NCT number NCT01922297
Other study ID # 20090438
Secondary ID R01DA027216
Status Completed
Phase N/A
First received August 10, 2013
Last updated August 21, 2015
Start date January 2010
Est. completion date April 2015

Study information

Verified date August 2015
Source University of Miami
Contact n/a
Is FDA regulated No
Health authority United States: Institutional Review BoardUnited States: Federal Government
Study type Interventional

Clinical Trial Summary

This study will determine the clinical effectiveness, moderators and mechanisms of change, and economic impact of an integrative, family-based intervention that concurrently targets change in HIV/Sexually Transmitted Disease (STD)-associated risk behaviors, drug abuse, delinquency, arrest and mental health outcomes for juvenile offenders committed to a juvenile justice day treatment program.


Description:

Adolescents committed to three school-based day treatment programs located in Miami-Dade County will be randomized to either Day Treatment MDFT-HIV (DT-MDFT-HIV) or Day Treatment Program Services as Usual (DT-SAU). Youth in both conditions will be enrolled in day treatment, and receive the same type of juvenile justice supervision, participate in the same educational, life skills, vocational and recreational programs. They will only differ in the type of substance abuse treatment and HIV prevention services received, DT-MDFT-HIV versus substance abuse and HIV prevention services currently being provided by the day treatment programs. If participants are eligible, they will then be assessed on multiple measures at 5 time points: intake, 3, 6, 12, and 24 months following commitment to the day treatment facility. Data will be analyzed using an intent-to-treat design - adolescents and one parent are assessed at all time points and included in data analyses, regardless of the amount of treatment received.

The study has three aims:

Aim 1: Intervention Effectiveness - To experimentally compare, in a day treatment setting, the short and long-term clinical outcomes of the Experimental Intervention - MDFT-HIV Integrated intervention (DT-MDFT-HIV) for sexually active drug abusing juvenile offenders with Day Treatment Services as Usual (DT-SAU).

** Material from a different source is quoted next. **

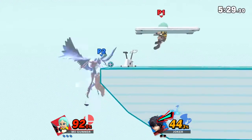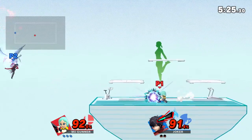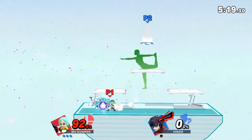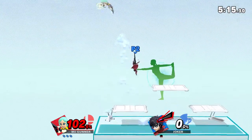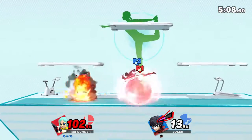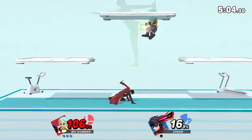Watch the flow of my movements as I demonstrate. Focus on stretching your back. Now, return to your original position.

Hypothesis 1a. Youths assigned to DT-MDFT-HIV will show a greater decrease in HIV-associated sexual risk behaviors, laboratory-confirmed STD incidence, drug use, arrests and out of home placements, and mental health symptoms from baseline assessment through 6 months post-baseline than youths in SAU.

Hypothesis 1b. Youths assigned to DT-MDFT-HIV will show a greater decrease in HIV-associated sexual risk behaviors, laboratory-confirmed STD incidence, drug use, arrests and out of home placements, and mental health symptoms from 6 months post baseline to 24 months post-baseline than youths in SAU.

Hypothesis 1c. Youths assigned to DT-MDFT-HIV will be more likely to successfully transition out of the juvenile justice day treatment program--and return to regular school placement--than those assigned to services as usual.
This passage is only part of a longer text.